Car enthusiasts, fashion insiders and social-media influencers gathered at the Petersen Automotive Museum on Wilshire Boulevard for Cars & Fashion, an event organized by LA Fashion Week to celebrate the roadway and the runway — and give attendees a glimpse at what future fashion weeks here may look like.
The Friday affair, held in conjunction with the Petersen’s yearlong “Porsche Effect” exhibition, combined German automobiles with German fashion through a presentation of menswear looks by Porsche Design (Porsche’s fashion and lifestyle brand) and Escada, a designer women’s clothing brand headquartered in Munich.
Although neither brand will be showing at LA Fashion Week in the fall (though Escada is on the September New York Fashion Week schedule for the first time), Arthur Chipman, executive producer of LAFW, said the Friday night event was a chance to highlight what his event will look like in the future.
Now the official home of LA Fashion Week (although it’s one of several groups that presents twice-yearly runway shows here, Chipman’s is the registered holder of the trademark), the Petersen will host LAFW’s fall and spring runway shows, and Chipman and company will organize more ticketed events at the Mid-Wilshire museum throughout the year.
The collaboration is part of Fashion Week’s long-term goal to support Los Angeles fashion, art and design, Chipman said.
For future Petersen events, Fashion Week will recruit local brands that tie into museum exhibits. Next in the pipeline are French-, Japanese- and American-inspired events.
Friday night, high-heeled guests arrived at the Petersen for bite-size tiramisu and tuna tartare, selfies in front of a Porsche 911 GT1 and a chance to see the museum’s exclusive Vault, a subterranean garage filled with rare 20th century vehicles (a 1903 Cadillac Runabout, a 1998 open-top Popemobile — also a Cadillac — and Saddam Hussein’s 1978 Mercedes-Benz 600 Landaulet, among them) before the fashion show.
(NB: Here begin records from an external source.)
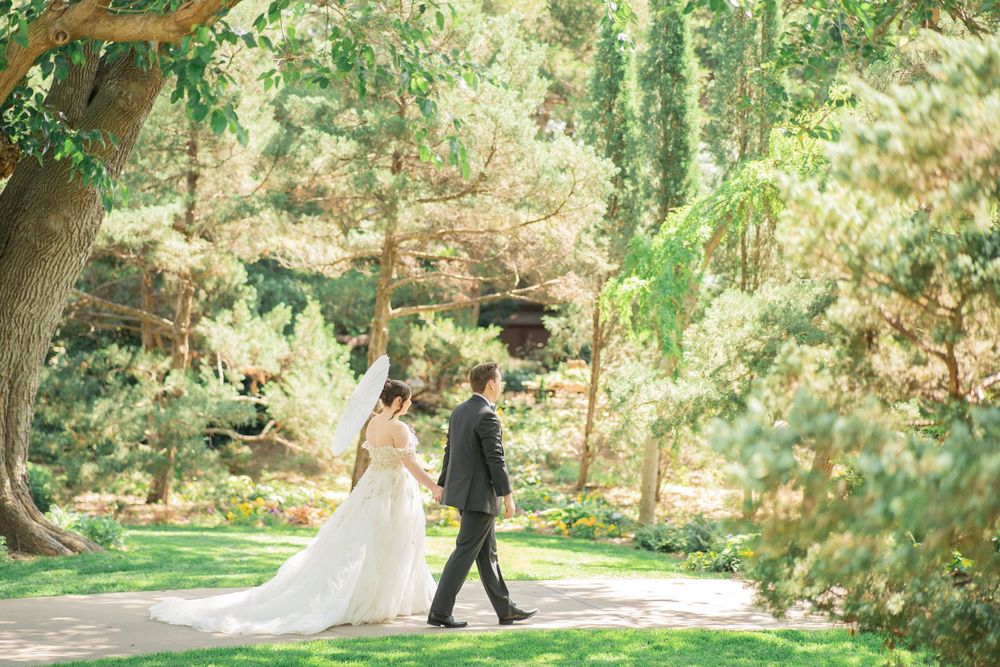 Bride and groom walking through a lush green garden on their wedding day.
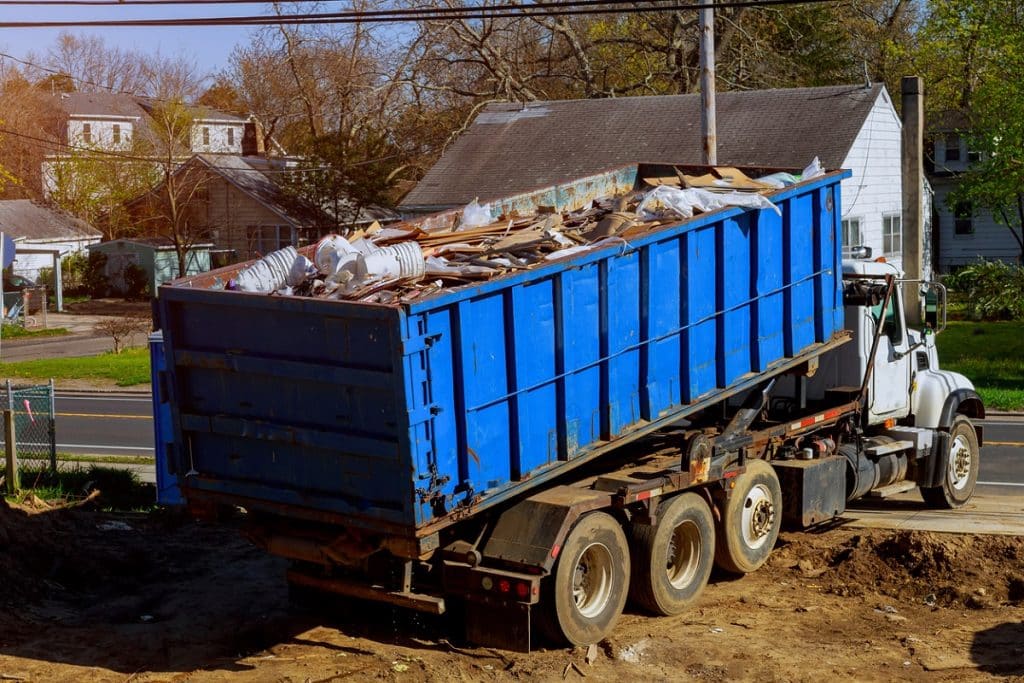 A blue dumpster truck is loaded with construction debris and household waste at a residential property.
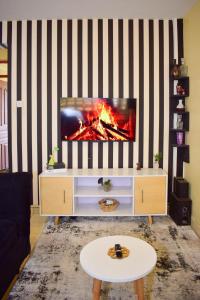 内罗毕Kahawa sukari luxury home的一间带电视和壁炉的客厅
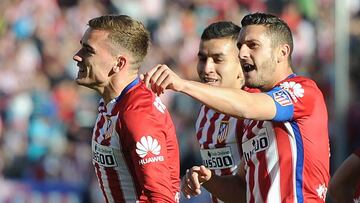 Koke, junto a Griezmann.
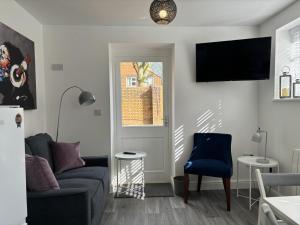 - un salon avec un canapé et une télévision murale dans l'établissement Hartshorne House, à Telford
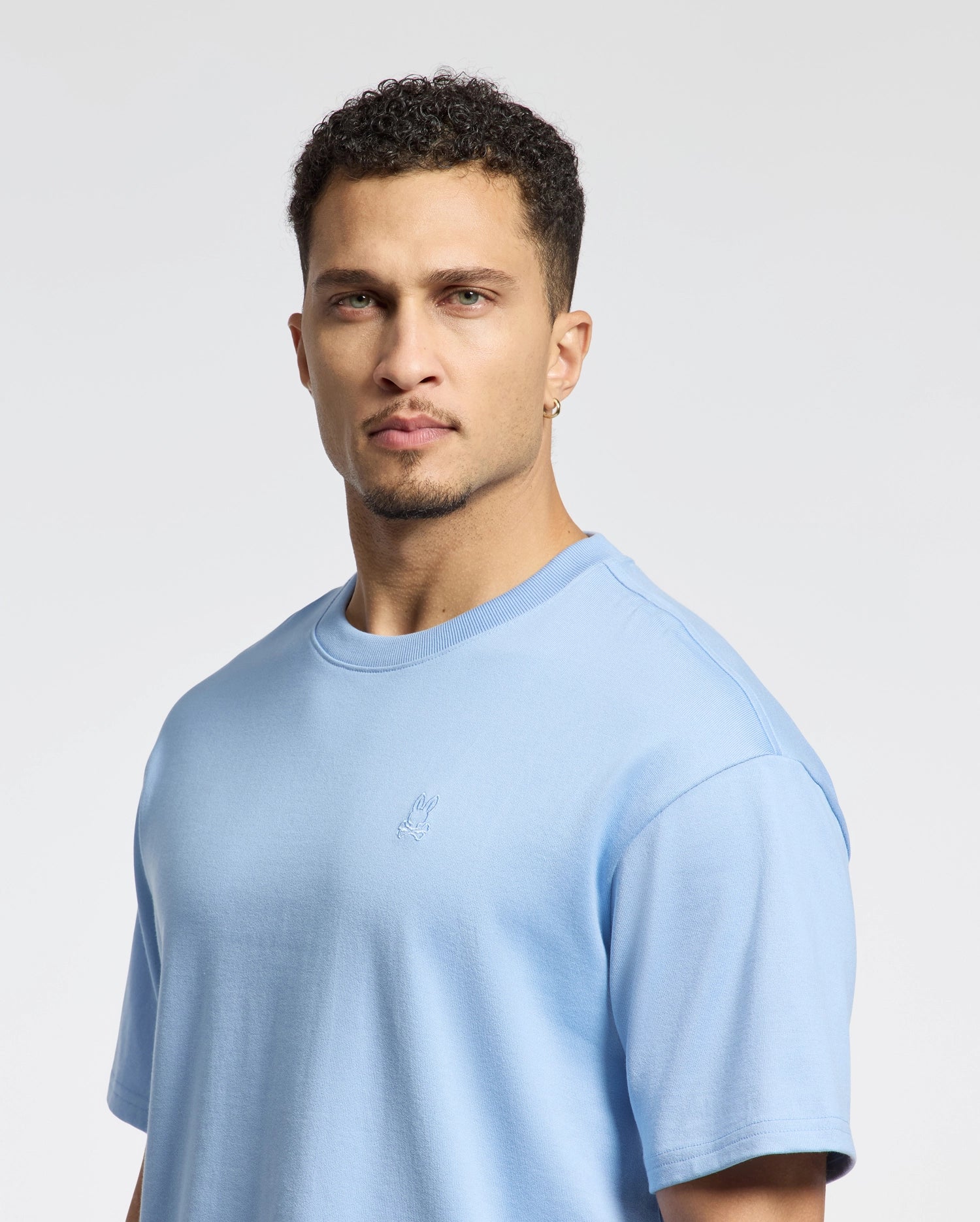A man with short curly hair and a goatee wears a Psycho Bunny light blue heavyweight jersey T-shirt (MENS DUKE HEAVY WEIGHT RELAXED FIT TEE - B6U742D200) featuring a small chest embroidery. He has an earring in his left ear, looks directly at the camera with a neutral expression, and stands before a plain background.
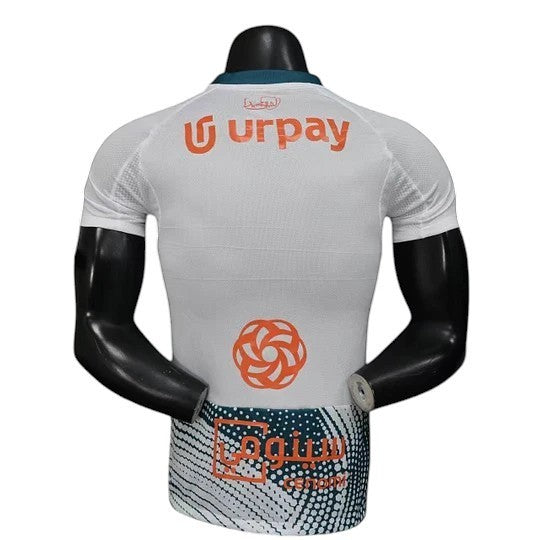 GOATkitz Al-Ahli 2025-26 Player Version Third Jersey, white with orange "urpay" logo and teal collar. Customizable.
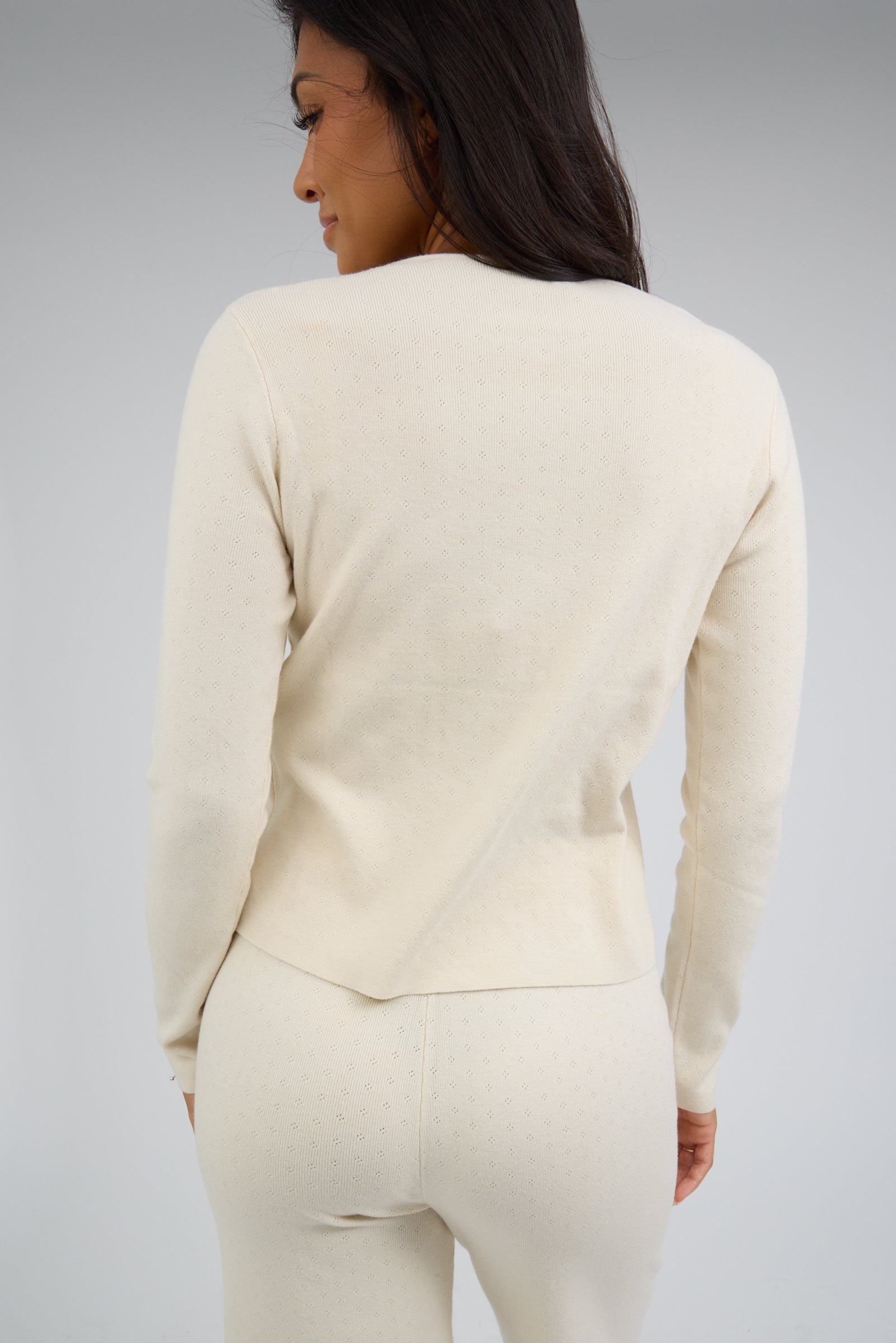 Back view of a woman wearing a cream pointelle knit outfit with long sleeves and an elastic waist.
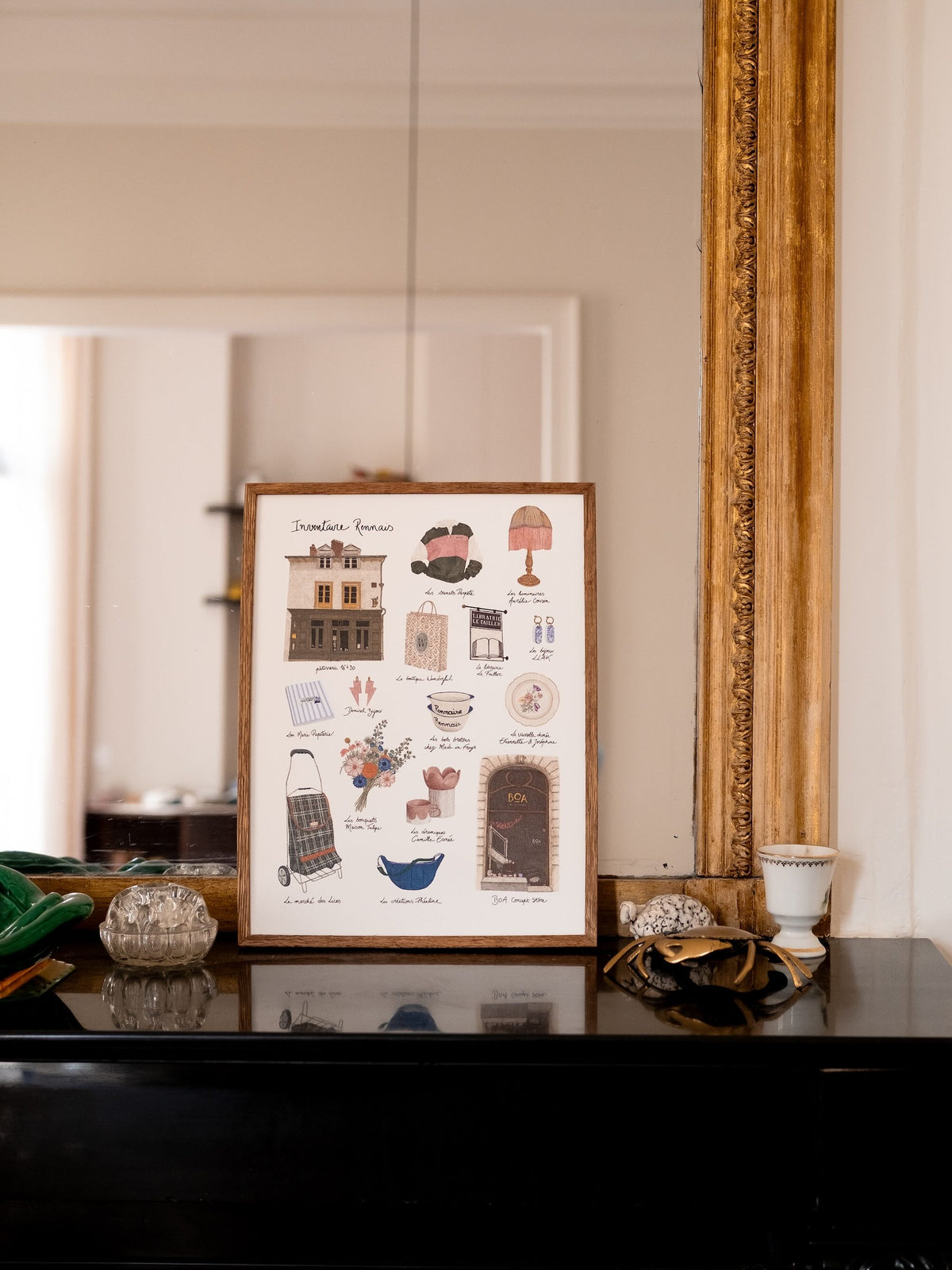 Affiche illustrée Inventaire Rennais encadrée, représentant une sélection de boutiques et d’objets rennais, posée sur une commode noire devant un miroir ancien.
Porsche Design kicked off the show with a presentation of its fall and winter 2018 collection. Twenty models, standing in front of vintage Porsche cars on short platforms, wore looks from the fashion and sports performance lines. Attendees walked from model to model, snapping pictures of the clean, modern looks they were wearing, such as casual quilted jackets, relaxed chinos and sleek sneakers. The tones were mostly autumn-ready neutrals, save for a couple of brightly colored jackets.
Next came a runway show by Escada, featuring 30 floor-length evening gowns from the label’s archives in black, blues, reds and pinks — with lace, velvet and lots of sequins.
The festivities concluded with cocktails at an after-party on the roof of the building’s parking garage, where the next installment of LA Fashion Week is set to unspool Oct. 6 to 10.